_WORK TASK_: Once the lines below holding the string "Denim" are counted, give that number alone.

_GIVEN ENTRIES_:
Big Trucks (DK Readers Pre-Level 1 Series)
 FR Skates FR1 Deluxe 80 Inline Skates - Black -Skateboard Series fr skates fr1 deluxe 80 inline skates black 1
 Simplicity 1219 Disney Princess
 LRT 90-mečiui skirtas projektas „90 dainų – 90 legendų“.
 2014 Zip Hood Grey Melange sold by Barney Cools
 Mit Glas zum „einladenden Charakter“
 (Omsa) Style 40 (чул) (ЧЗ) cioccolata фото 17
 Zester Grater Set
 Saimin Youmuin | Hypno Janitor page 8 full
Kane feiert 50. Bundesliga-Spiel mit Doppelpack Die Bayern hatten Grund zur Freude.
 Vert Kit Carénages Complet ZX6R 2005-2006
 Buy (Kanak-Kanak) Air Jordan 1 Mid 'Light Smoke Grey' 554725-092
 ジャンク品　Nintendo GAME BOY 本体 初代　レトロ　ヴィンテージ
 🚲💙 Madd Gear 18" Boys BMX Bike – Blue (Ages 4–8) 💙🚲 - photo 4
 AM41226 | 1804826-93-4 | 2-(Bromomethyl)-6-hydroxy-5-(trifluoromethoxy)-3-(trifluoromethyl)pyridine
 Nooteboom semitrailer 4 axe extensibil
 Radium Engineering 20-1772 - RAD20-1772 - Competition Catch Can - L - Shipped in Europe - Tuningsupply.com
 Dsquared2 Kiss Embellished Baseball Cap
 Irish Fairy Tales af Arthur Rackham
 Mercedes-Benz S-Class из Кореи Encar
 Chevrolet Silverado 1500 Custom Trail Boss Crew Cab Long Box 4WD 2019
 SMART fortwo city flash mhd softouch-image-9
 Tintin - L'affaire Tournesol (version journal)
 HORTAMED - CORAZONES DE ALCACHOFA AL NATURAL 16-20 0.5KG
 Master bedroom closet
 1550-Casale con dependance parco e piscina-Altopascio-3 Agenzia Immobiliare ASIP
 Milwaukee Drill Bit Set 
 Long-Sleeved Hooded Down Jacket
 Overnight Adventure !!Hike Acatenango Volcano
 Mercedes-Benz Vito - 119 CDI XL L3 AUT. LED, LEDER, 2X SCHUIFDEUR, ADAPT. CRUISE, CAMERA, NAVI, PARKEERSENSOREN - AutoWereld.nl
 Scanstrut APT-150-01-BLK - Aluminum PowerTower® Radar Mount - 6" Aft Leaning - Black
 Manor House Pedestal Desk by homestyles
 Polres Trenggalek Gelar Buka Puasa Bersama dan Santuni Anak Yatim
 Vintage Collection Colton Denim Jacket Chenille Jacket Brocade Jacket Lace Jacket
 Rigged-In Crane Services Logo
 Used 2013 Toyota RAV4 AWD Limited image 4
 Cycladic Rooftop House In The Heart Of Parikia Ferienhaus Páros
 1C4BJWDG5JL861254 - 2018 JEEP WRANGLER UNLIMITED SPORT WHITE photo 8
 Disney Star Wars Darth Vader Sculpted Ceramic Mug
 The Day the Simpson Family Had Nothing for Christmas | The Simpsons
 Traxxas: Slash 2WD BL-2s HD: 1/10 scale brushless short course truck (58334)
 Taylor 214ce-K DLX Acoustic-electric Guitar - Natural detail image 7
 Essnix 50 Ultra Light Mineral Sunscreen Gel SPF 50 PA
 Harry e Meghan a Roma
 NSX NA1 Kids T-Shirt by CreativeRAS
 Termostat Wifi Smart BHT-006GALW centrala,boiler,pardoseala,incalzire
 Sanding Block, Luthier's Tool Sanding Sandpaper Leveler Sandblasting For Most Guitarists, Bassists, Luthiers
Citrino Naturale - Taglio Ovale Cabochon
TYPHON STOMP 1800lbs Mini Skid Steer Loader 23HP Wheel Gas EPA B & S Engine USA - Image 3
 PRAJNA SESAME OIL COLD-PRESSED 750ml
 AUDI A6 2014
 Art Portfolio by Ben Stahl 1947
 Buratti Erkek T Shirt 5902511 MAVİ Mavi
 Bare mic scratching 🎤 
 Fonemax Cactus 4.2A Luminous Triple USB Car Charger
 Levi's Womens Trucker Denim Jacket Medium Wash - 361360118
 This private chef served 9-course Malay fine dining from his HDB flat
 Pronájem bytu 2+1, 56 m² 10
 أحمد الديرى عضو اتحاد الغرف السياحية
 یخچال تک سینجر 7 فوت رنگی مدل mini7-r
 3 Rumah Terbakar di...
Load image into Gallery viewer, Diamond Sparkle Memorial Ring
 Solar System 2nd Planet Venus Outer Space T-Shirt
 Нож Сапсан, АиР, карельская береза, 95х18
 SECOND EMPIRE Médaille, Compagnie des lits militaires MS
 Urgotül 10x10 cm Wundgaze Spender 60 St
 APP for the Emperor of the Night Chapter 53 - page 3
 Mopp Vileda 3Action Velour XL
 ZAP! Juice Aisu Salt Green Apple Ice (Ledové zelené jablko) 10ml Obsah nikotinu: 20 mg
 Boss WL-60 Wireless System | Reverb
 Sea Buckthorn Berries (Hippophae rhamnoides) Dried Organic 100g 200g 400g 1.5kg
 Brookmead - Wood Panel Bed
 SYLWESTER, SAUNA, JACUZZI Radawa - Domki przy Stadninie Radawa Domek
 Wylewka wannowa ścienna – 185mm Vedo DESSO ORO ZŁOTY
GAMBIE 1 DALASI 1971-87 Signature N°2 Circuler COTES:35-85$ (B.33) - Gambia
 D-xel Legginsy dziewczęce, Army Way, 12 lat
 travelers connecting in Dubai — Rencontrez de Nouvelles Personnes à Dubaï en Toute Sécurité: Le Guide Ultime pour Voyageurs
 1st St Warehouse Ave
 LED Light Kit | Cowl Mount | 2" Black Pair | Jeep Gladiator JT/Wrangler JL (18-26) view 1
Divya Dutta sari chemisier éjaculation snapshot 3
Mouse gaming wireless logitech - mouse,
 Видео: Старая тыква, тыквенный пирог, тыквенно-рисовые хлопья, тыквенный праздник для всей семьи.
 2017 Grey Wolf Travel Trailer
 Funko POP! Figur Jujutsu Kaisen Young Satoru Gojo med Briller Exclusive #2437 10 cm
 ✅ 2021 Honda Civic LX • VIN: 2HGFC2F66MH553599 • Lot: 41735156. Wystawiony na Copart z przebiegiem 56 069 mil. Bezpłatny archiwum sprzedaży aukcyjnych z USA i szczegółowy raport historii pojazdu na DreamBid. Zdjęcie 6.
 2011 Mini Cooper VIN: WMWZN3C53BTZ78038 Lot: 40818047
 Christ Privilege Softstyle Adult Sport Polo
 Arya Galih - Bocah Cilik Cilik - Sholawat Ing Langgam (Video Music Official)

_TASK SOLUTION_: 2